DATA EXTRACT »
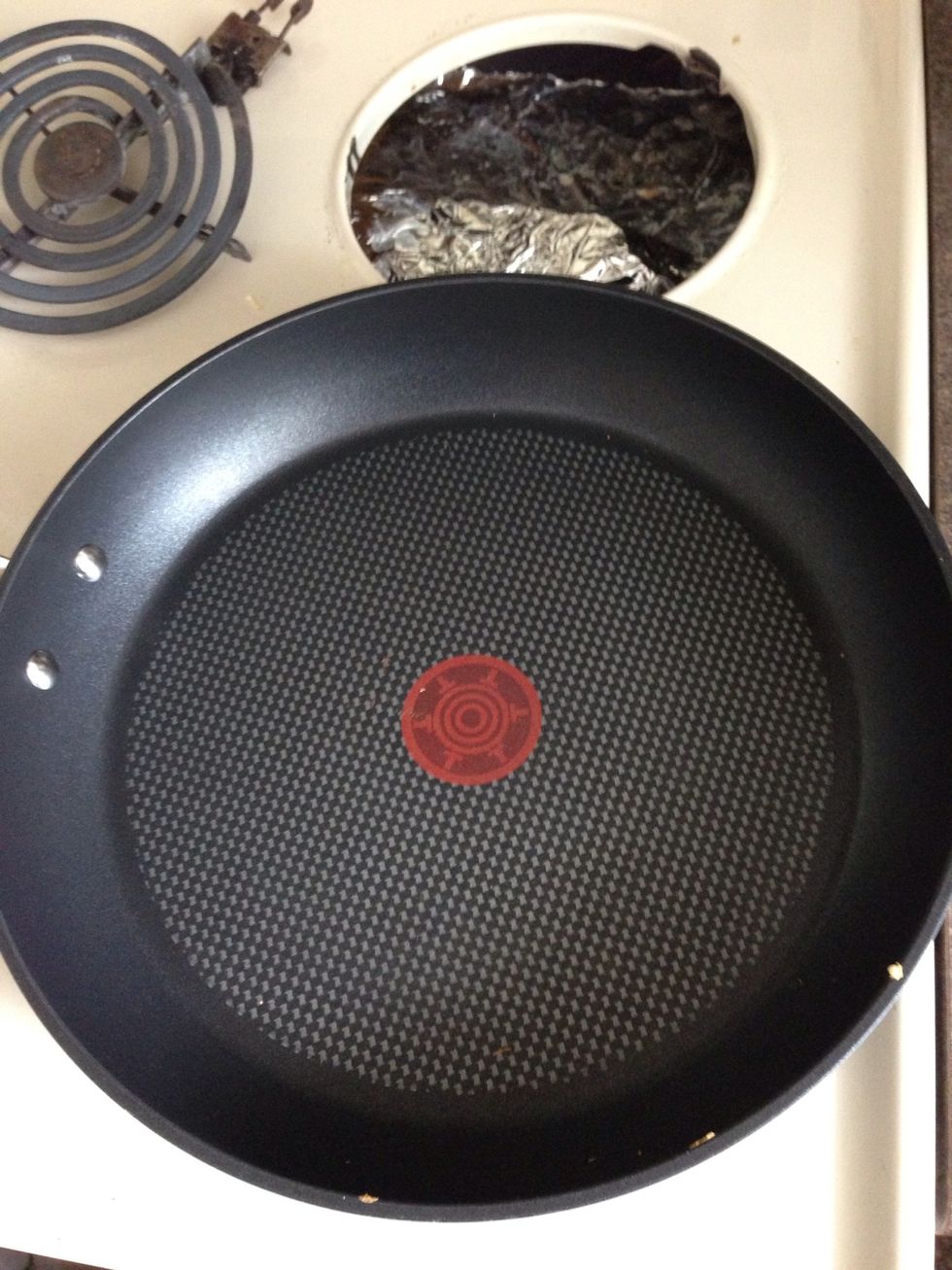 Heat your non-stick pan between medium and medium-low. (You can use butter if you'd like, although it's more for flavour than anything else)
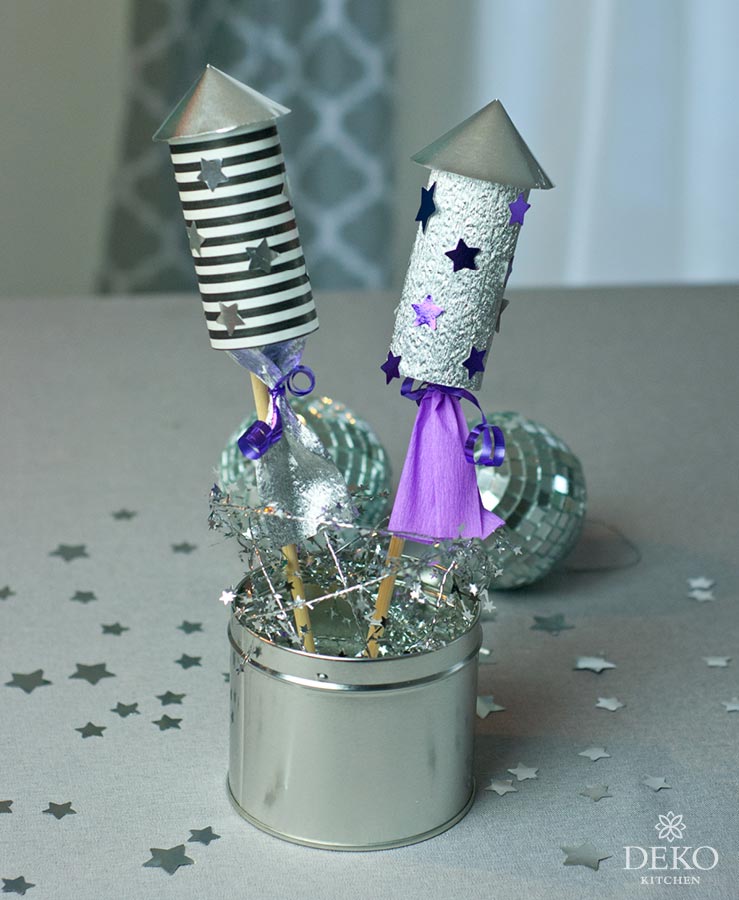 DIY: lustige Silvesterdeko mit Raketen aus Papprollen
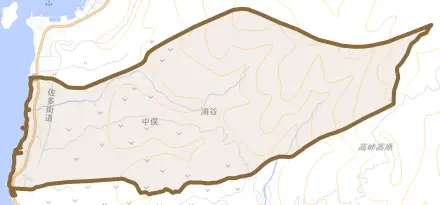 中俣とその周辺の地図。町の範囲を重ねている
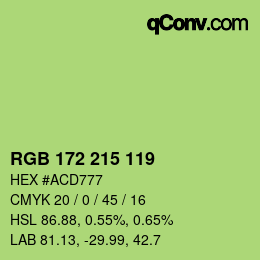 颜色代码: RGB 172 215 119 | qconv.com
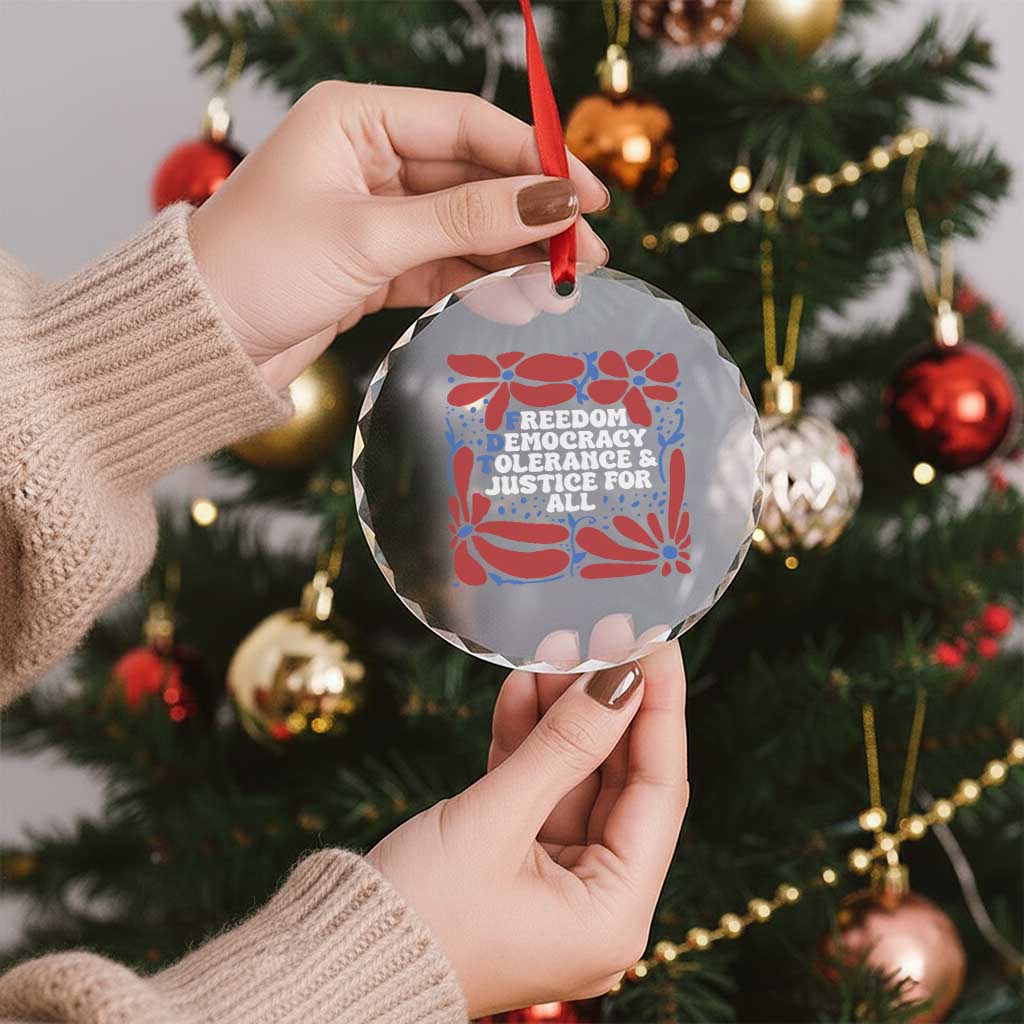 Subtle FDT Crystal Glass Ornament Freedom Democracy Tolerence and Justice For All - Wonder Print Shop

WORK ITEM » Set each line of the records down exactly, leaving every picture out.

RESPONSE »
 Heat your non-stick pan between medium and medium-low. (You can use butter if you'd like, although it's more for flavour than anything else)
 DIY: lustige Silvesterdeko mit Raketen aus Papprollen
 中俣とその周辺の地図。町の範囲を重ねている
 颜色代码: RGB 172 215 119 | qconv.com
 Subtle FDT Crystal Glass Ornament Freedom Democracy Tolerence and Justice For All - Wonder Print Shop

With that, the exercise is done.